Цельный, единый трагедийный образ фильма вырастал в слиянии сквозной идеи и действия, психологии и пластики с изумительной музыкой Шостаковича. Она «словно наполняет весь фильм, — писал музыковед Г. Орлов, — затихая на время в красноречивых и тоже музыкальных паузах. Она не только выражает чувства героев, зарисовывает ситуации; она становится голосом далекой эпохи, человеческой совести и тайных мыслей автора, голосом самой трагедии...
Гамлет, Увертюра, 23–36 такты Д. Шостакович
Тот же голос слышится и в легком ветерке безумия, который проносится в сцене помешательства Офелии. Нежный, ломкий тембр клавесина, печально-сладостная мелодия струнных в духе мадригалов Монтеверди рисуют этот образ прозрачными красками, легкими штрихами. В сценах безумия музыка достигает высокого трагизма без малейшей аффектации, оставаясь такой же тихой и прозрачной.
Замечательные находки, рассыпанные в партитуре Шостаковича, окрыленность его фантазии, безошибочно следующей за сложными внутренними поворотами трагедии, не случайны. Из всех трагедий Шекспира «Гамлет» наиболее близок духу его творчества.
В целом ряде эпизодов фильма мы слышим в разнообразных воплощениях столь специфичные для него скерцозные движения. Повсюду они сопутствуют Гамлету, аккомпанируя или контрастируя его мыслям. Таков стремительный проход Гамлета по залам замка, охваченного оживлением свадебного пира, этой выставки лжи, лицемерия, нравственной неполноценности. Таковы гротескный танец появления бродячих актеров, музыка приготовлений к спектаклю, основанная на звучаниях настраиваемых инструментов, торопливая игра придворных музыкантов, напуганных выходками Гамлета.
Композитор заставляет нас воспринимать мир глазами Гамлета, в пронзительном свете его иронии, окружая ореолом презрения ничтожества в роскошных одеяниях.

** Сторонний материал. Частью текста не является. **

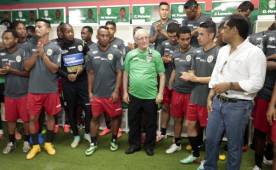 Monseñor Garachana se declaró aficionado del Marathón y les dio palabras de motivación para la vuelta del repechaje ante Real España. Foto Delmer Martínez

«Гамлет» — не только трагедия утраченных иллюзий, но и трагедия нравственного долга. И этой его стороне созвучно творчество Шостаковича — высоким этическим пафосом, непреклонной стойкостью духа, утверждающего себя в борьбе, в преодолении сомнений. В мужественной экспрессии медленных разделов его симфоний, в типично «шостаковичевских» темах упорно-сосредоточенного раздумья этическое начало его музыки выступает на передний план. Многократно возвращается на протяжении фильма тема одиноких размышлений Гамлета, скорбная мелодия, приводящая на память начало Десятой симфонии. В героически твердой поступи эта тема заключает фильм, сопровождая торжественное шествие воинов Фортинбраса с телом Гамлета, поверженного, но исполнившего свой долг"
Г. Орлов. «Советская культура», 1964, 25 мая.